* Task *
Repeat the listing exactly. Pictures stay out of your copy.

* Exercise data *
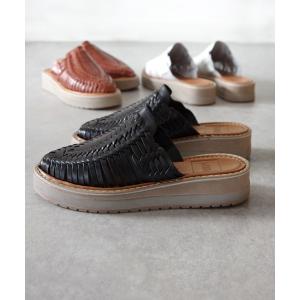 サンダル WOVEN (ウーヴン) / メキシコ製 レザー メッシュ 厚底スリッパ MARIA レディース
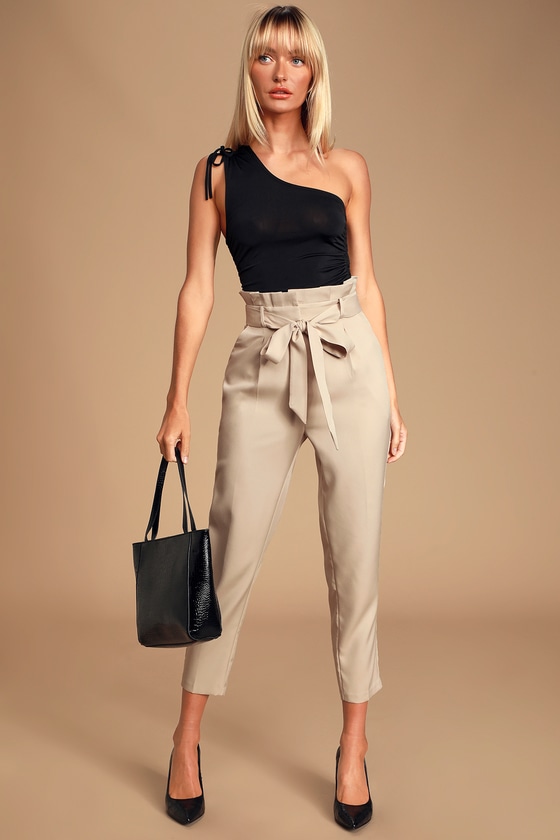 Stone Wide Leg Paperbag Trousers  New Look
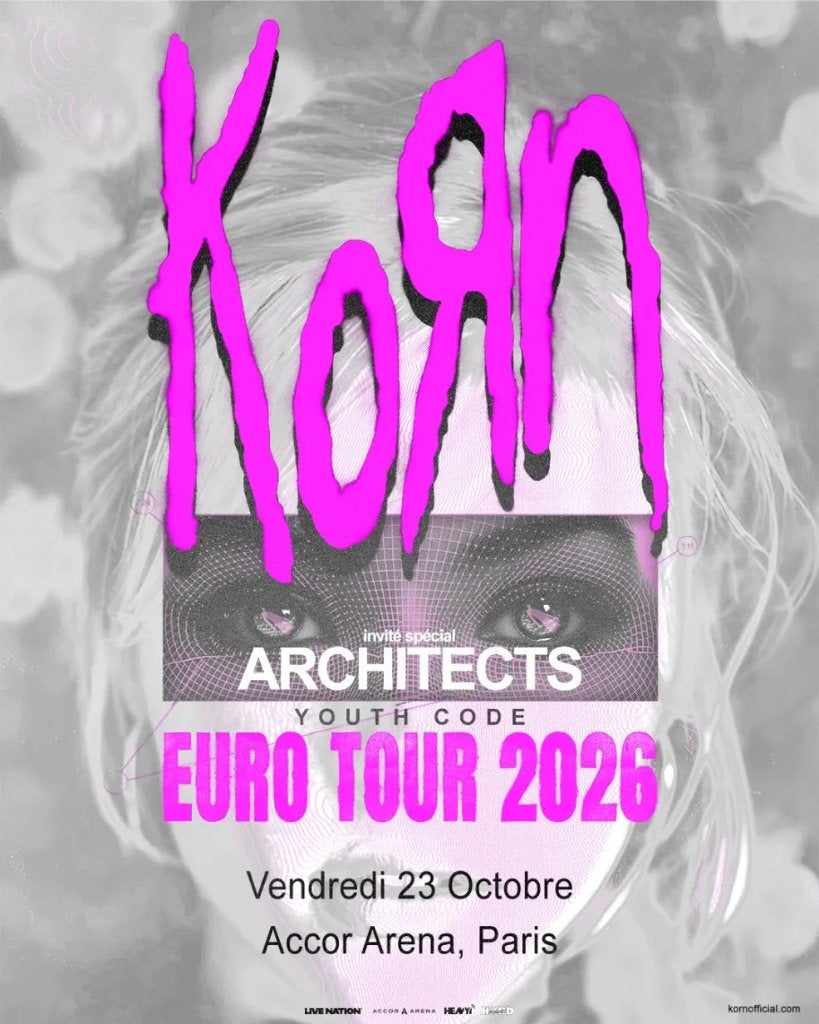 Places de concert KORN - Accor Arena - 23/10/2026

* Problem solution *
 サンダル WOVEN (ウーヴン) / メキシコ製 レザー メッシュ 厚底スリッパ MARIA レディース
 Stone Wide Leg Paperbag Trousers  New Look
 Places de concert KORN - Accor Arena - 23/10/2026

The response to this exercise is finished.